I may be in error, but I thought the Silverado was replacing the Iltis and the LS was being replaced by.....doh....brain freeze....

Gelandewagens?


----------



## SpinDoc (24 Mar 2003)

Er, I don‘t think that‘s what‘s happening Michael.

The way I understand it is that the Reserves are getting the Silverados and the Regs (and some Reserve units -- armoured recce maybe) are getting the G-wagons.


----------



## Michael Dorosh (24 Mar 2003)

Could be; I know we discussed it here before but was too lazy to do a search, and basically, all we had to go on was the article in MAPLE LEAF.

So we are saying the Iltis (only) is being replaced, by one type of truck for the regs an another for the reserves?


----------



## SNoseworthy (25 Mar 2003)

"So we are saying the Iltis (only) is being replaced, by one type of truck for the regs an another for the reserves? "

From what I understand, that‘s what is happening. The LSVWs only came into service between 1993 and 1997...I doubt if we‘ll see the government make a move to replace them for several more years. If DND had a better budget, they might be able to replace them in the nearer future, but it doesn‘t, and it‘s not a priority right now as far as I know.


----------



## Brad Sallows (26 Mar 2003)

Reg F field units and Res F armoured recce get the SMP LUVW (G-wagen).  Everyone else - reserve units, base transport sections, etc - get the COTS LUVW (Silverado).  The overall replacement is less than 1:1.


----------



## Michael Dorosh (27 Mar 2003)

So much for my attention to detail, eh?

Thanks for the information gentlemen, I humbly and gratefully stand corrected!

Looking forward to the Silverado.


----------



## Jarnhamar (27 Mar 2003)

So the silveradoeveryone is talking about is green and "armyish"?

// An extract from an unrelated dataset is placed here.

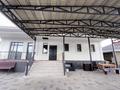 Отдельный дом · 8 комнат · 263 м² · 6 сот., Янушкевича 25а за 111 млн ₸ в Туздыбастау (Калинино)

One thing that irks me is that you go to an airforce base or a non combat arms base for lack of a better phrase (like kignston) and theres fleets of brand new silverados, vans, new SUV‘s just sitting in parking lots collecting dust while combat units have to make due with beat up abused ****ty LS‘s and iltis‘s or the odd banged up silverado.


----------



## klumanth (27 Mar 2003)

Being from "kignston" I have to ask, just where are all these shiny new fleets of vehicles so I can go have a look?  We do have some nice staff cars, perhaps because of the sheer number of high ranking officers around, but I have yet to see a fleet of silverados around.


----------



## Jarnhamar (27 Mar 2003)

Take a look  on the west side of PSTC. I think theres more then 20 brand new mazda tribute looking vehicles.


----------